TASK OBJECTIVE:
Any pictures in the records below must be left out when you repeat the lines from the line containing "BESTOYARD 手鏡 両面ミラー" through the line containing "Canvas Fingerprint Painting, with" exactly.

Segment Start: RECORDS PROVIDED

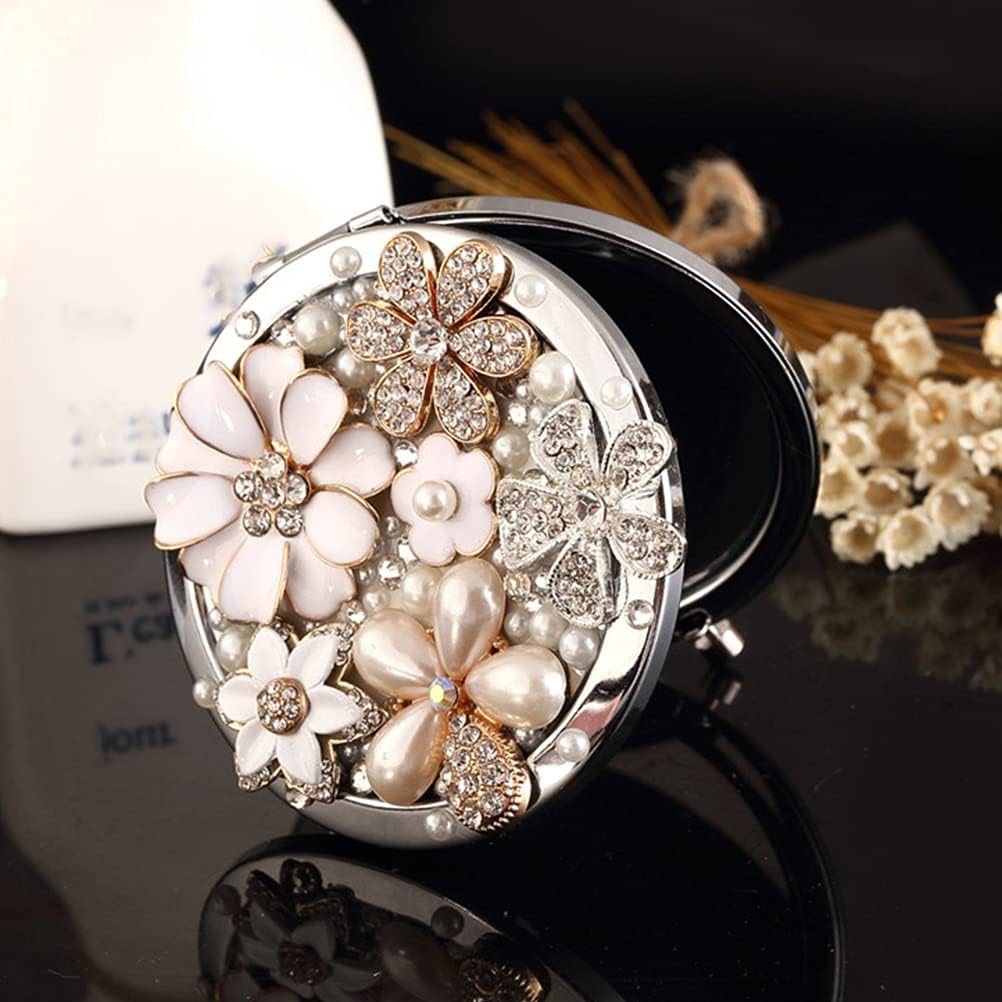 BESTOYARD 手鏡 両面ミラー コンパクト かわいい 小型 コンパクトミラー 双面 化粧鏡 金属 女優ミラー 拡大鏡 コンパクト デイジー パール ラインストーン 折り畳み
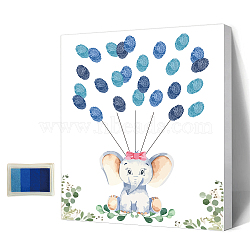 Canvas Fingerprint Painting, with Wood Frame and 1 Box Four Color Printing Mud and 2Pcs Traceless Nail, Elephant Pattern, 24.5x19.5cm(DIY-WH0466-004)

Segment End: RECORDS PROVIDED
Segment Start: RECORDS PROVIDED

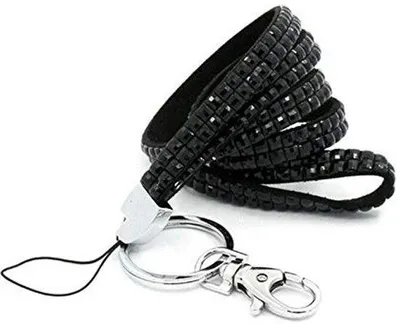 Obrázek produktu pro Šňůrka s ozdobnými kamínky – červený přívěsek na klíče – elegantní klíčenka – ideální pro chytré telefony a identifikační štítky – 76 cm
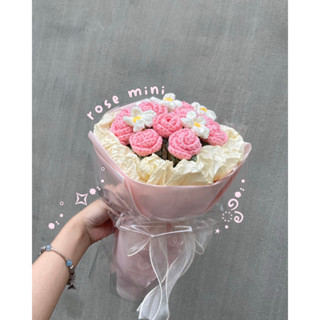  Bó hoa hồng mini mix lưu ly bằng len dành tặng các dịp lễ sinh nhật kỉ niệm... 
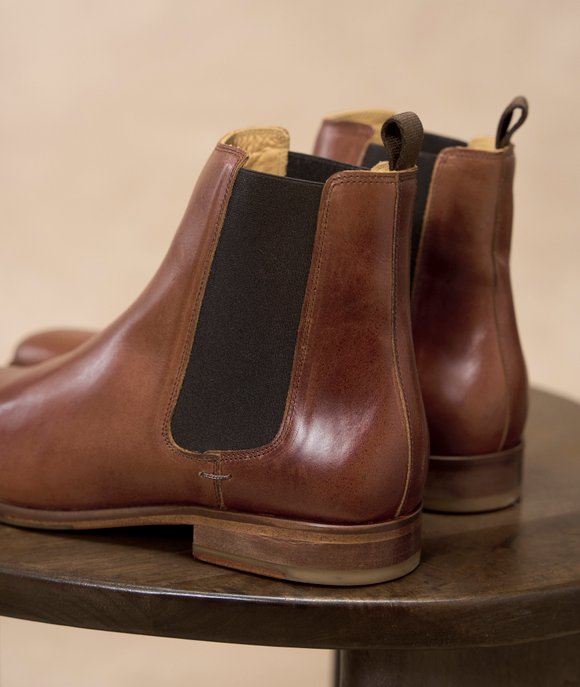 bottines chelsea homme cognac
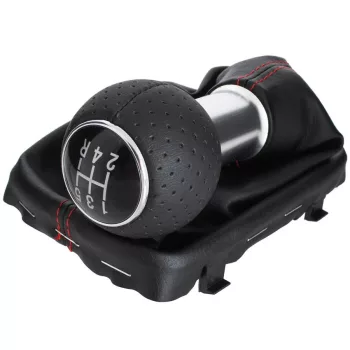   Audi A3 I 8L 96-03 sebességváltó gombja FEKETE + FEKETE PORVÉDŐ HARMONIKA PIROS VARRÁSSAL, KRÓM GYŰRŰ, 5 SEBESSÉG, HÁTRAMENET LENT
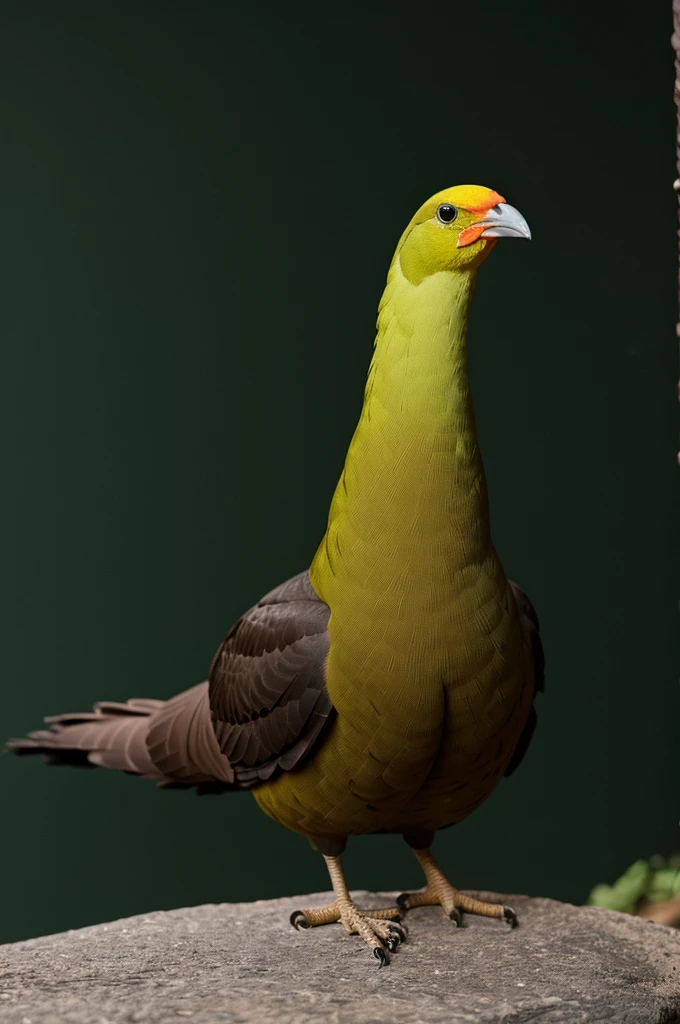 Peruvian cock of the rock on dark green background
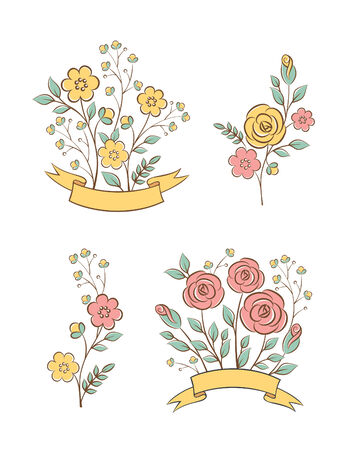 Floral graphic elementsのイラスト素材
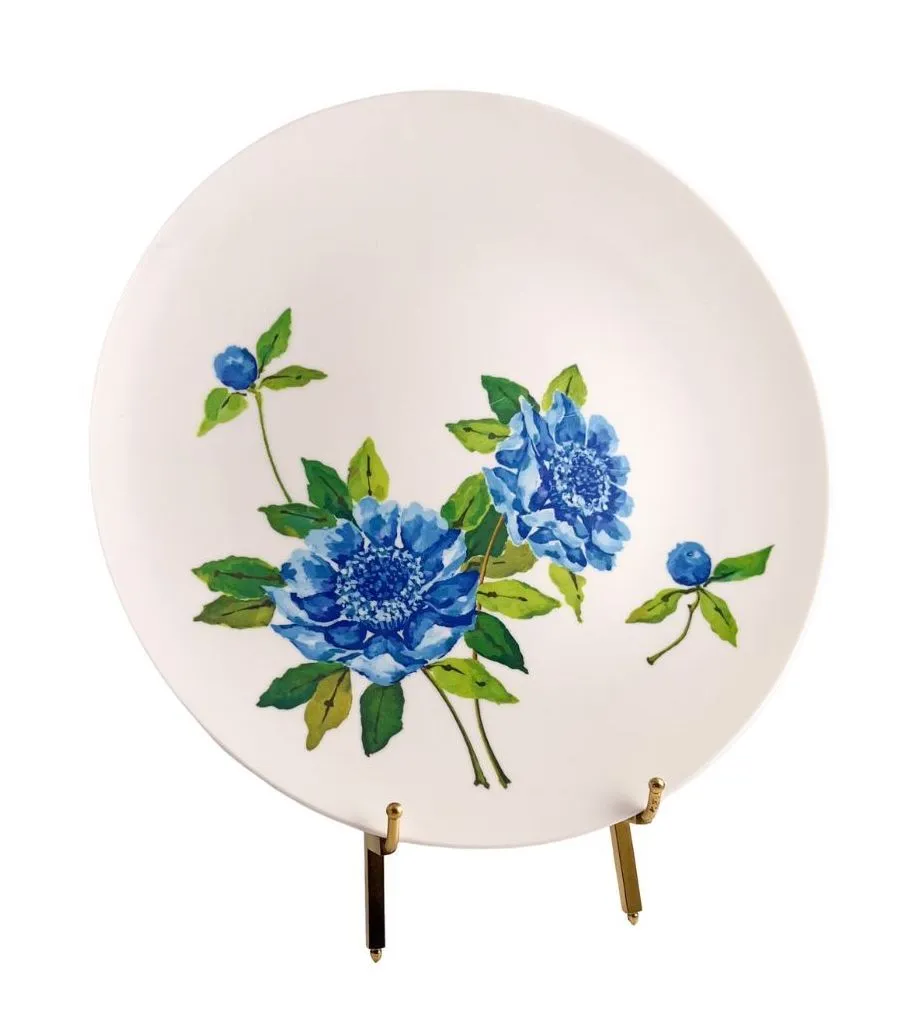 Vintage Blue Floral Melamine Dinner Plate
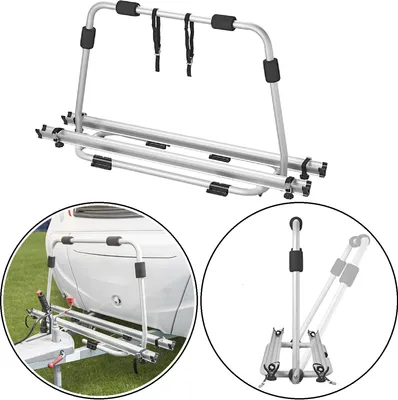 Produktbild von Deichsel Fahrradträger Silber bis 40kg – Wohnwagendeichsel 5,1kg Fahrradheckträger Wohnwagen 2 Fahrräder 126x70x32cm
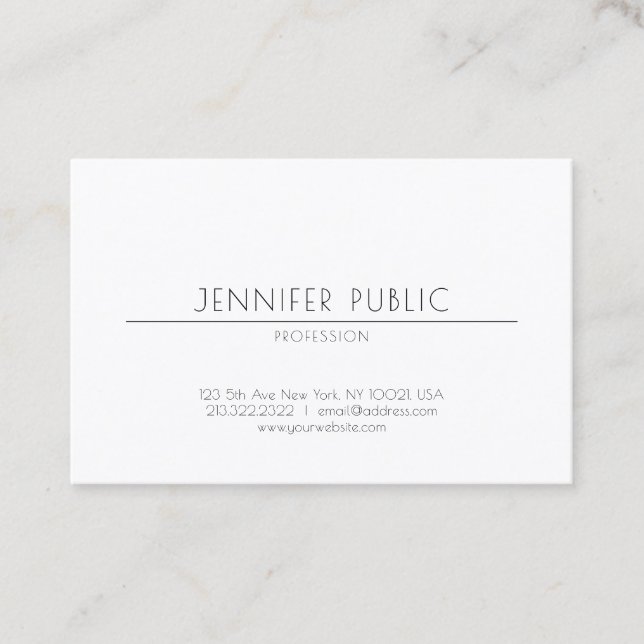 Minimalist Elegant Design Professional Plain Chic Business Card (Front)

Segment End: RECORDS PROVIDED
Segment Start: RECORDS PROVIDED

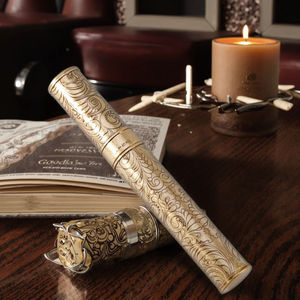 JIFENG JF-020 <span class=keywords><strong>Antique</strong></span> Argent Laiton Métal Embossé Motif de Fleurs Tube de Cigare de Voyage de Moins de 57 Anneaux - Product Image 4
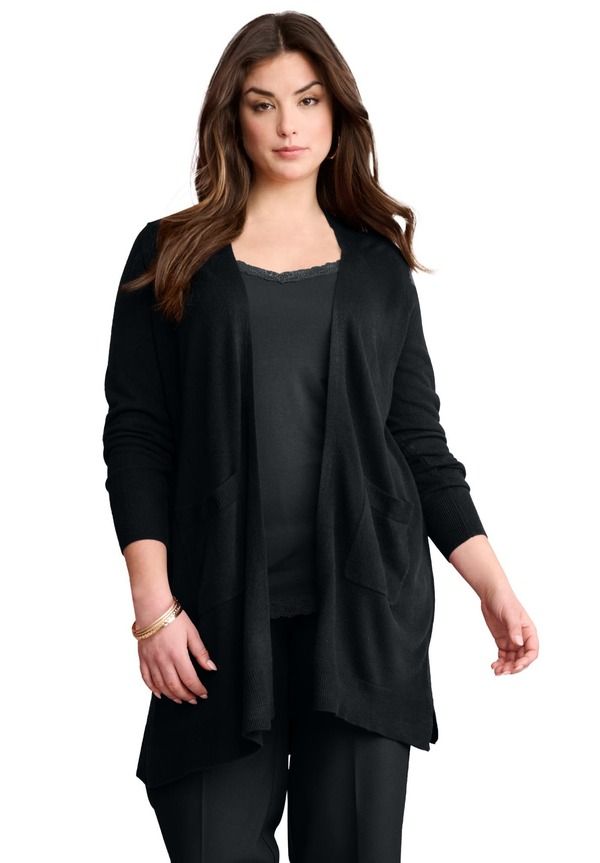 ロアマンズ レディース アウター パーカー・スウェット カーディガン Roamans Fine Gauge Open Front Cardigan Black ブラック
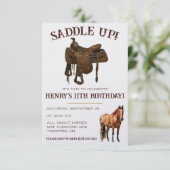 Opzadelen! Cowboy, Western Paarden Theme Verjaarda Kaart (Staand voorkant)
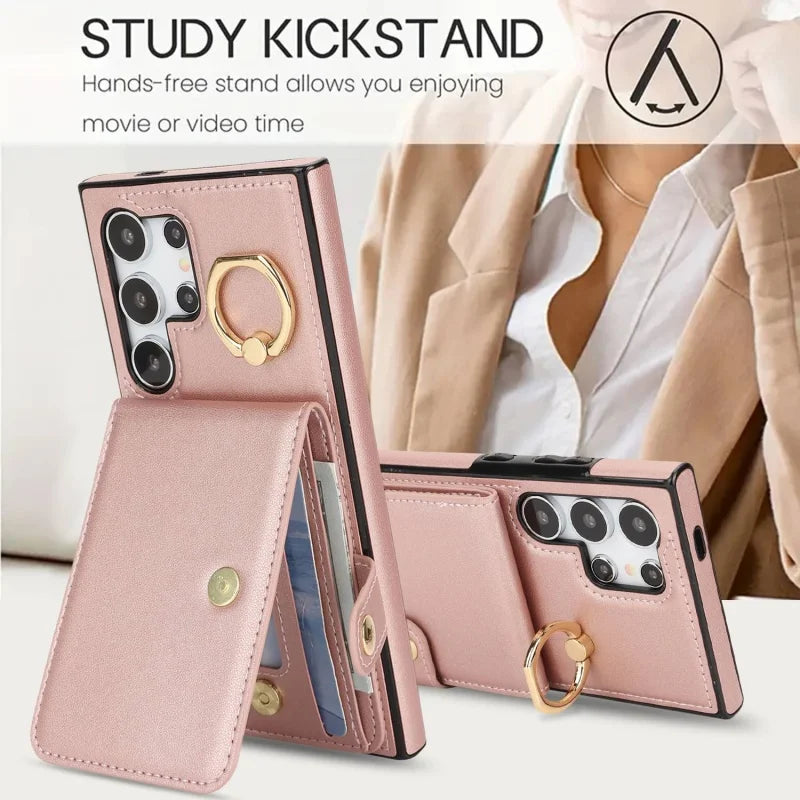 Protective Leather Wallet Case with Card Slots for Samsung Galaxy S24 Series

Segment End: RECORDS PROVIDED

SOLUTION FOR THIS TASK:
 BESTOYARD 手鏡 両面ミラー コンパクト かわいい 小型 コンパクトミラー 双面 化粧鏡 金属 女優ミラー 拡大鏡 コンパクト デイジー パール ラインストーン 折り畳み
 Canvas Fingerprint Painting, with Wood Frame and 1 Box Four Color Printing Mud and 2Pcs Traceless Nail, Elephant Pattern, 24.5x19.5cm(DIY-WH0466-004)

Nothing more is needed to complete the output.